TidyTuesday Week 7/2020: City vs. Resort Hotel
By Lukas Steger
A bit late to the party but here it is: My contibution to week 7 #TidyTuesday.
This week’s dataset is about hotel booking demand for two hotels located in Portugal published by Antonio, Almeida and Nunes, 2019.
I would like to focus on visualizations and analysis between the two hotels: The city hotel is located in Lisbon, while the resort hotel is located in the region of Algarve.
hotels %>%
ggplot(aes(x=hotel, fill=hotel))+
geom_bar()+
labs(title = "Bookings in the dataset per hotel (Arrival date: 01.07.2015 - 31.08.2017)",
x= NULL,
y= "Number of Bookings")+
guides(fill=FALSE)+
theme_minimal()+
theme(plot.background = element_rect(fill = "#F4F4F4"))

There are almost twice as many bookings in the dataset for the city hotel as for the resort hotel.
The first thing I’m interested in is, how the utilization varies for each hotel throughout the year.
The data source does not give any information regarding the maximum capacity for any of the hotels.

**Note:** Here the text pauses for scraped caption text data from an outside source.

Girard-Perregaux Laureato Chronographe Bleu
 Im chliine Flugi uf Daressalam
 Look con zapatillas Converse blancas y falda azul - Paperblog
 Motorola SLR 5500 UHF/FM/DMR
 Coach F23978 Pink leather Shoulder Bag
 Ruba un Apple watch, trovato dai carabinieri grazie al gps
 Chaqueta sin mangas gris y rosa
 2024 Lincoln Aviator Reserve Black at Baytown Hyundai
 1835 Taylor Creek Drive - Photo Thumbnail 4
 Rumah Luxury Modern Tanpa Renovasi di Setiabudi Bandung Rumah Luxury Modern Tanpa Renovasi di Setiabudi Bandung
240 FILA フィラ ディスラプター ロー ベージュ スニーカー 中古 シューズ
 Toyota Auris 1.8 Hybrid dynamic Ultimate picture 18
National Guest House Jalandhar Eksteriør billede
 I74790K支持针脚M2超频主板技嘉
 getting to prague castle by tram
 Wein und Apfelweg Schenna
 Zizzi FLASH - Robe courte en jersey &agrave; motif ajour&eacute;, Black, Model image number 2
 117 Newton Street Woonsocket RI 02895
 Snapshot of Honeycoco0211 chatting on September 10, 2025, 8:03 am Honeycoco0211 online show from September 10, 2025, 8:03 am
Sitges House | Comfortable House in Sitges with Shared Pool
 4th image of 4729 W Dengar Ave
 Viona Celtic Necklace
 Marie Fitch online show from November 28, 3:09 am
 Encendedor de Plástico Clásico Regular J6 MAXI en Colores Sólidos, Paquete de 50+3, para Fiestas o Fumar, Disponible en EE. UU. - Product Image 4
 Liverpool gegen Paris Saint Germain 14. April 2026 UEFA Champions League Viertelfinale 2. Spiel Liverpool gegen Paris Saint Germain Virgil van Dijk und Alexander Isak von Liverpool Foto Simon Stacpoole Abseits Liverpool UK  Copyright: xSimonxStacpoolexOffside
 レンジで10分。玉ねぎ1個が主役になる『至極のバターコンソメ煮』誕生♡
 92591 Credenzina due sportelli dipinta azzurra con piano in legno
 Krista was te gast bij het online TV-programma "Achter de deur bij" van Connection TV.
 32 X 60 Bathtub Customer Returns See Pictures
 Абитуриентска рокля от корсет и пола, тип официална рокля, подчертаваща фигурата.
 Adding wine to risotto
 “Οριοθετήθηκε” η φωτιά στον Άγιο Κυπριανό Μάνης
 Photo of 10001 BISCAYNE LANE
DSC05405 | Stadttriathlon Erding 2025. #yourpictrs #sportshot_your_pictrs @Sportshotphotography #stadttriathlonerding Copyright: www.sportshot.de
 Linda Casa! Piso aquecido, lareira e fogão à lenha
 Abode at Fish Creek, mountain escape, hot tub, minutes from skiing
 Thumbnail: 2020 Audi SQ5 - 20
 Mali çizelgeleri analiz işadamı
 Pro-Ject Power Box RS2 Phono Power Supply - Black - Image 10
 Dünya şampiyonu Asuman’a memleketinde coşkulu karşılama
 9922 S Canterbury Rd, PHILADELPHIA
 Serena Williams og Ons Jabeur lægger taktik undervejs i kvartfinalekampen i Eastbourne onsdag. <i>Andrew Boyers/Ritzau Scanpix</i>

In a first step I will try to get that information from the data. Some assumptions are made:
- Each hotel hits at some point of the observed timeframe their maximum capacity
- No-Shows only affect the planned arrival date’s bookings –> booked rooms are allocated to new guests after the first night
- Babies are in cluded in the number of beds by adults per booking
- Children have their own beds
- Bookings with same arrival and check-out date are errors in the data and excluded (680 bookings)
#calculating the stay duration and data cleaning
days_duration <- hotels %>%
dplyr::filter(reservation_status != "Canceled") %>%
select(hotel, date, adults, children, reservation_status, reservation_status_date, stays_in_week_nights, stays_in_weekend_nights, days_in_waiting_list) %>%
mutate(reservation_status_date = ymd(reservation_status_date),
nights_stay = stays_in_week_nights+stays_in_weekend_nights) %>%
select(-stays_in_week_nights, -stays_in_weekend_nights) %>%
mutate(nights_stay = ifelse(reservation_status == "No-Show", 1, nights_stay)) %>% #reducing no-shows to one night stays
filter(nights_stay != 0) %>% #remove 0 days stays
mutate(check_out_date = date+nights_stay,
last_night = check_out_date-1) %>% #last night of stay were beds are occupied (at check out date new guest can move in)
mutate(booking_id = row_number()) #add booking id for unnesting
days_duration_unnested <- days_duration %>%
transmute(booking_id = booking_id,
date = map2(date, last_night, ~ seq(.x, .y, by = 'day')), #add date sequence for each day of the booking
beds = adults+children, #calculate number of beds per booking
nights_stay = nights_stay,
hotel = hotel) %>%
unnest(cols = c(date)) #bring table into long format one row per day per booking
After the main data cleaning is done let’s have a look at the summary statistics. The maximum number of beds for the city hotel is higher than for the resort hotel, which makes sense according to the overall number of bookings.
hotels_summary <- days_duration_unnested %>%
group_by(hotel, date) %>%
summarise(beds_occupied = sum(beds)) %>%
ungroup() %>%
group_by(hotel) %>%
summarise(avg= round(mean(beds_occupied), 2),
min=min(beds_occupied),
max=max(beds_occupied),
SD= round(sd(beds_occupied), 2))
city_hotel_max <- hotels_summary$max[1]
resort_hotel_max <- hotels_summary$max[2]
hotels_summary
## # A tibble: 2 x 5
## hotel avg min max SD
## <chr> <dbl> <dbl> <dbl> <dbl>
## 1 City Hotel 337. 6 532 132.
## 2 Resort Hotel 300. 4 445 102.
With that information it is now possible to plot the average utilization by week for each hotel.
p_weekly_utilization <- days_duration_unnested %>%
group_by(hotel, date) %>%
mutate(utilization_rate = ifelse(hotel == "City Hotel", sum(beds)/city_hotel_max, sum(beds)/resort_hotel_max)) %>%
ungroup() %>%
group_by(hotel, week =isoweek(date)) %>%
summarise(avg_utilization_rate = mean(utilization_rate)) %>%
ggplot(aes(x=week, y=avg_utilization_rate, color = hotel))+
geom_line(size=1)+
theme_minimal()+
theme(plot.background = element_rect(fill = "#F4F4F4"))+
labs(title = "Weekly average bed utilization",
x = "Week number",
y = "Utilization in %",
color = NULL)+
scale_y_continuous(labels = scales::percent_format(accuracy = 1))+
gganimate::transition_reveal(as.numeric(week))
gganimate::animate(p_weekly_utilization, end_pause = 40)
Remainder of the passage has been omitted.